Schon das erste Werk, das man beim Betreten der Ausstellung sieht, dreht sich um patriarchale Machtstrukturen. Provokant trat sie 1968 für «Aktionshose Genitalpanik» vor die Kamera.

Valie Export
© Vera Rüttimann

Valie Export sitzt, in Lederjacke, mit Maschinengewehr am Anschlag, die Beine breit gespreizt, auf einer Bank. Die Jeanshose im Genitalbereich ist ausgeschnitten. Es ist kaum möglich, den Blick auf ihre behaarte Vulva abzuwenden. Die zur ausgestellten Frau reduzierte Künstlerin drehte den Spiess um und wurde zur Darstellenden. Ein beeindruckendes Zeugnis weiblicher Selbstermächtigung.

Kaum erwähnt wird in den Rezensionen die grossartige Siebkunst. Die Bilder wurden farblich extrem stimmig gehängt. Zudem wurden die Fotos auf hochwertige Papiere gedruckt. Das ist mehr als nur ein visueller Eyecatcher als Entree zu dieser Ausstellung.

Die meisten Ausstellungsberichte legen den Fokus auf Events wie die «Aktionshose Genitalpanik». Dabei gehen einige interessante Aspekte dieser Ausstellung etwas unter. So etwa Exports Auseinandersetzung mit Religion und Kirche. Damit kam sie früh in Berührung. In Linz besuchte sie einst eine Klosterschule – und wurde dort wegen ihrer frechen Art, ihrer grenzenlosen Neugier und ihrer Kritik an gesellschaftlichen und kirchlichen Konventionen, gleich mehrfach geschmissen. Ein Bild in der Ausstellung zeigt Jesu Kreuzabnahme und Exports Körperhaltung, die einer trauernden Madonna ähnelt.

Valie Export
© Vera Rüttimann

Im Zentrum ihres Werks steht das Verhältnis von Subjekt und Raum, Körper und Blick und Weiblichkeit. Immer wieder zog es sie deshalb in den öffentlichen Raum. Ihre Fotoserie „Körperkonfigurationen“ berührt mich am meisten. Mit ihrem Körper „vermisst“ sie die gebaute und verbaute (verunstaltete) Umwelt. Man sieht Fotos, in der sie seltsam verkrümmt in der Landschaft steht. Aufnahmen, in der sie ihren Körper um einen Randstein schmiegt, über eine Mauer lehnt oder sich um eine Hausecke legt.

Valie Export
© Vera Rüttimann

Was mich besonders berührt: Es ging Valie Export nicht nur um Themen wie einengende Macht und im öffentlichen Raum.
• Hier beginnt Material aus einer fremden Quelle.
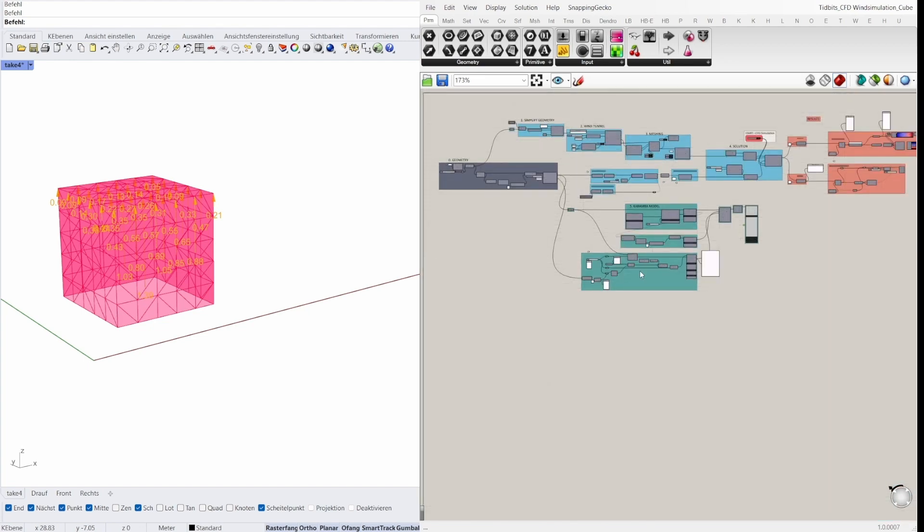So that was an example of the link between butterfly CFD wind simulation and Karamba. Thank you for your attention.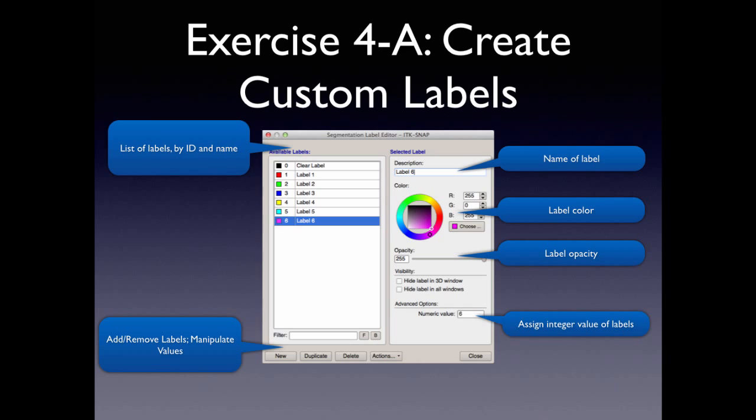You have the list of the available labels, the adding, removing new labels, the name, the color, opacity, and the integer value. So let's start on exercise 4a. The point of this exercise is just to set up the labels for the segmentation we'll do in the next step.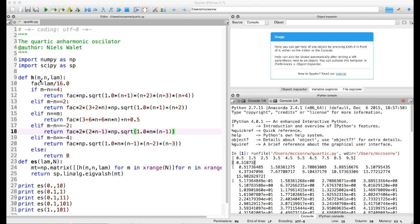Then in the next line I define two functions: a function called h and a function called ease. The function h calculates one matrix element. So for a given m, n, and anharmonicity lambda, it will actually calculate the matrix elements of the Hamiltonian.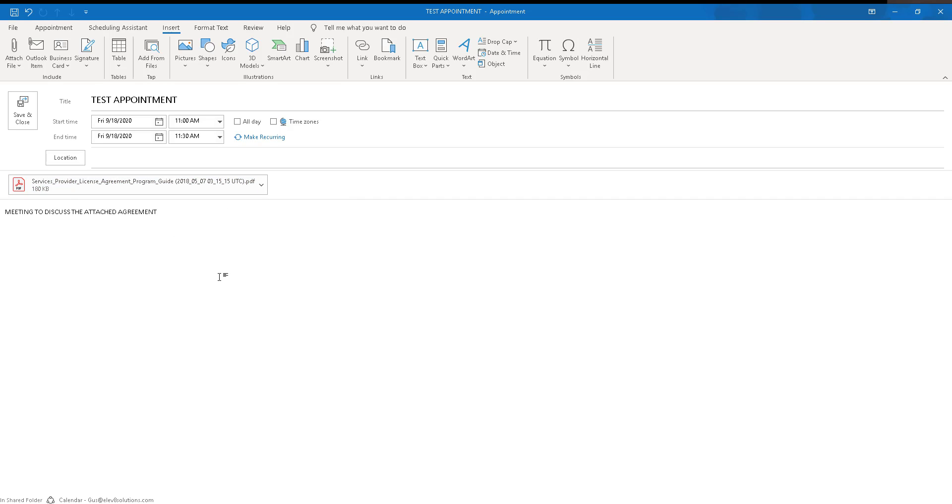What happens is that out of the box, if you track this meeting, the attachment itself is not tracked as part of it, which is not the way it works for emails.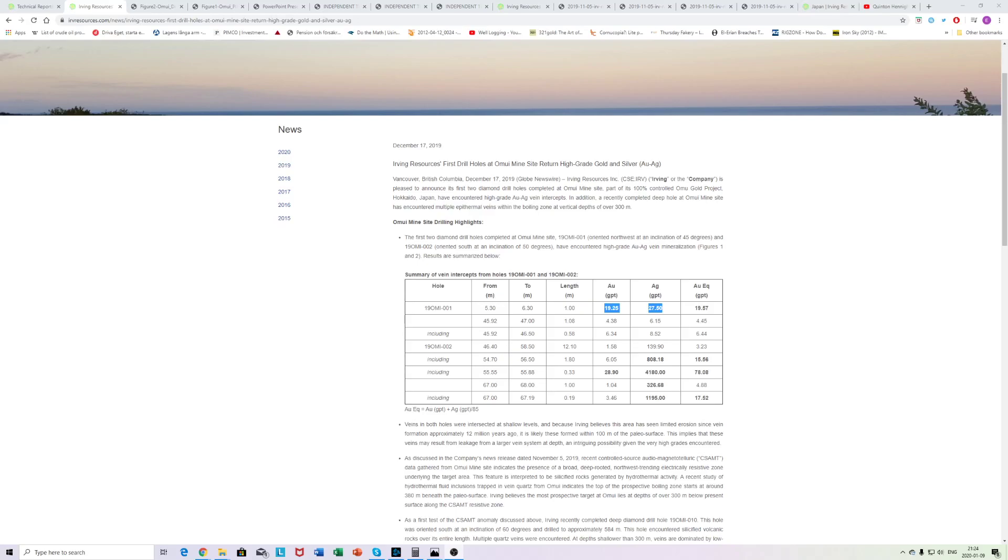My Headless Horseman here. I thought I'd talk a bit about the Omu mine site and the drilling campaign that just concluded. There are some key points here.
Sie wies mit ihren körperlichen Verkrümmungen auch auf «blinde» Flecken in der jüngeren Geschichte hin. Auf Orte, wo Juden deportiert wurden. Auf Gebäude, in denen Täter des Nationalsozialismus nach dem Krieg ungehindert weiter wirken konnten.

Um Ent- und Umschichtung geht es auch in diesem Werk. Ein Siebkunstwerk, gedruckt auf Glasplatten. Es zeigt, ganz verschachtelt, ein Zug. Eine Fahrt ins Nirgendwo.

Valie Export
© Vera Rüttimann

VALIE EXPORT (*1940 in Linz)

Ausbildung an der Kunstgewerbeschule Linz und an der HBLVA für Textilindustrie
in Wien; Pionierin konzeptueller Medien-, Performance- und Filmkunst; Teilnahme an zahlreichen internationalen Ausstellungen u.a. an der documenta 6 und 12 in Kassel, im Centre Georges Pompidou, Paris, The Museum of Modern Art, New York, an der Biennale di Venezia, in der Tate Modern, London. Lehrtätigkeit u. a. an der UdK Berlin und an der KHM Köln; 2017 wurde das VALIE EXPORT CENTER LINZ eröffnet.